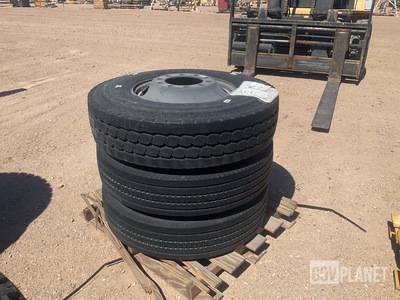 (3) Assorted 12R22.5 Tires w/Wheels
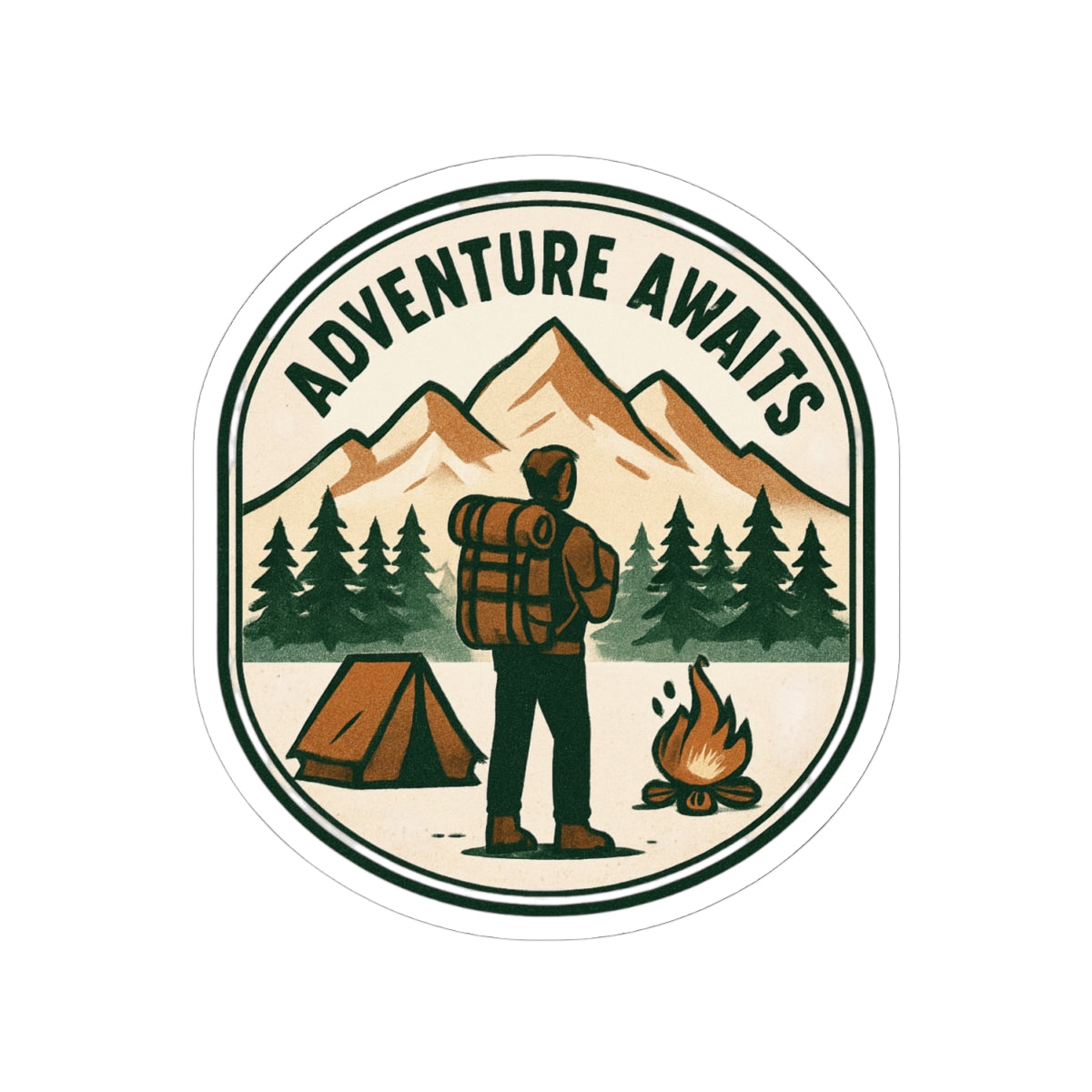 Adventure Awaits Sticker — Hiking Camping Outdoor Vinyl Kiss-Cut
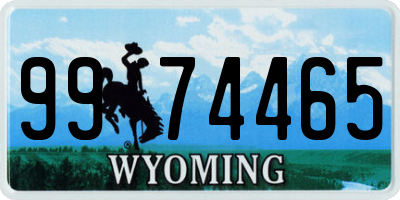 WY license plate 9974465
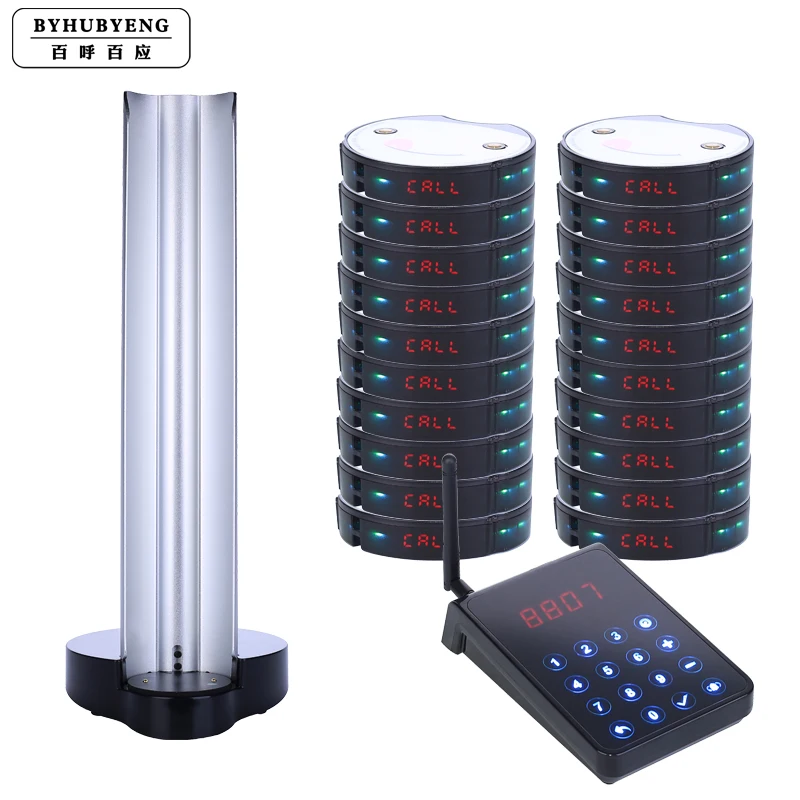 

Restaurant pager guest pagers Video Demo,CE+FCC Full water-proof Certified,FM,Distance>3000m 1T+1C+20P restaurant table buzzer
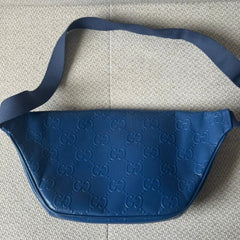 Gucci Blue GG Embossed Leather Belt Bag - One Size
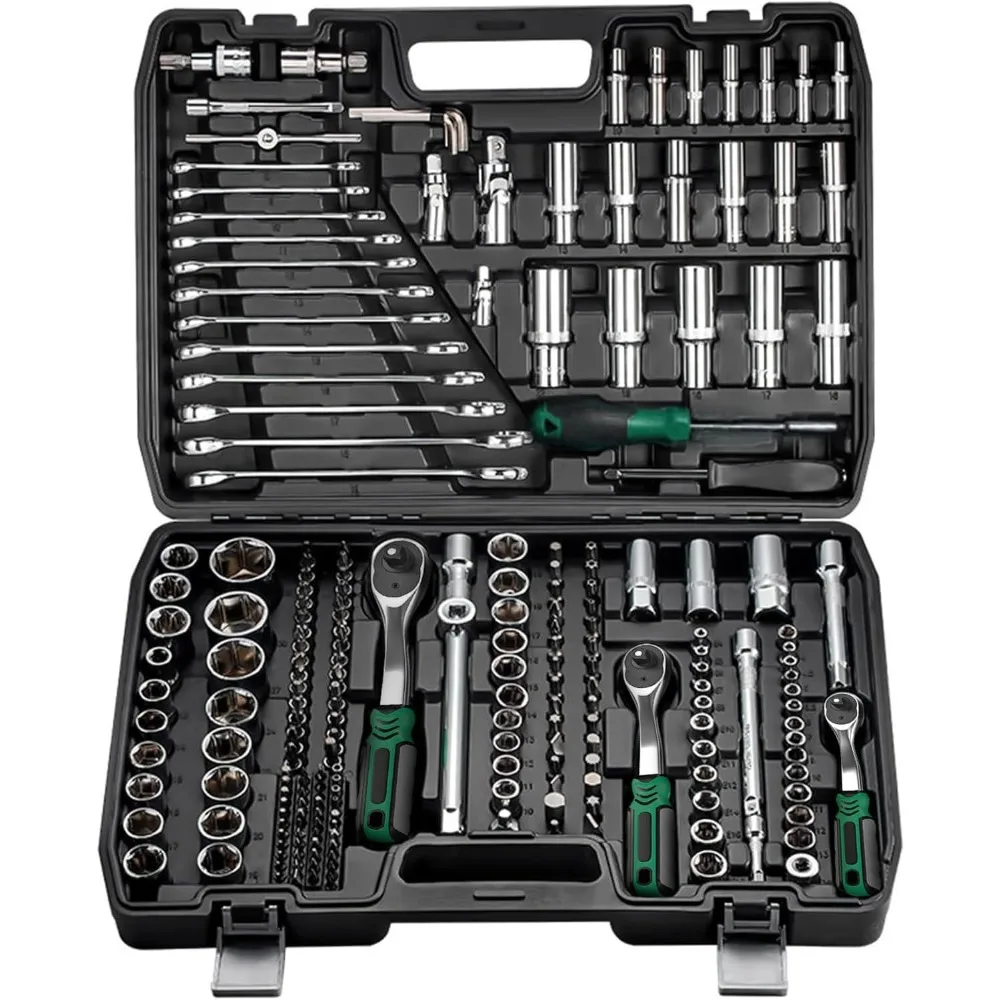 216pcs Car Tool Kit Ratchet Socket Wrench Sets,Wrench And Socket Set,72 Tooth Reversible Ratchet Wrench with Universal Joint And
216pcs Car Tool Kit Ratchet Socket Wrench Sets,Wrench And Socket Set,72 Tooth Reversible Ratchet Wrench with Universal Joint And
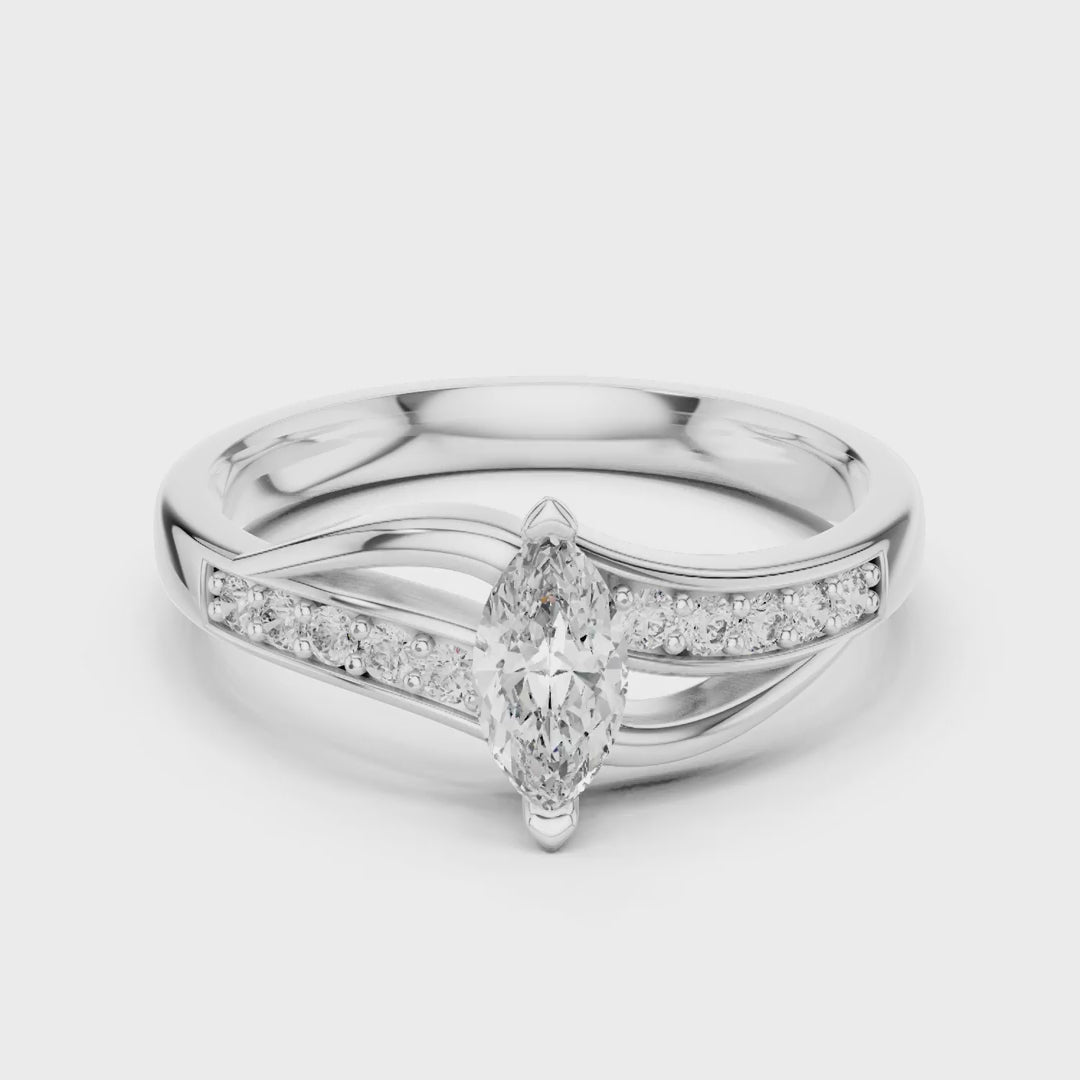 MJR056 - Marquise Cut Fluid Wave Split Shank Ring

• **EXERCISE OBJECTIVE**: Return exactly the lines starting at the line with "Adventure Awaits Sticker" and ending at the last line of the listing, both ends included; pictures are to be left out.

• **REPLY**:
 Adventure Awaits Sticker — Hiking Camping Outdoor Vinyl Kiss-Cut
 WY license plate 9974465

Restaurant pager guest pagers Video Demo,CE+FCC Full water-proof Certified,FM,Distance>3000m 1T+1C+20P restaurant table buzzer
 Gucci Blue GG Embossed Leather Belt Bag - One Size
 216pcs Car Tool Kit Ratchet Socket Wrench Sets,Wrench And Socket Set,72 Tooth Reversible Ratchet Wrench with Universal Joint And
216pcs Car Tool Kit Ratchet Socket Wrench Sets,Wrench And Socket Set,72 Tooth Reversible Ratchet Wrench with Universal Joint And
 MJR056 - Marquise Cut Fluid Wave Split Shank Ring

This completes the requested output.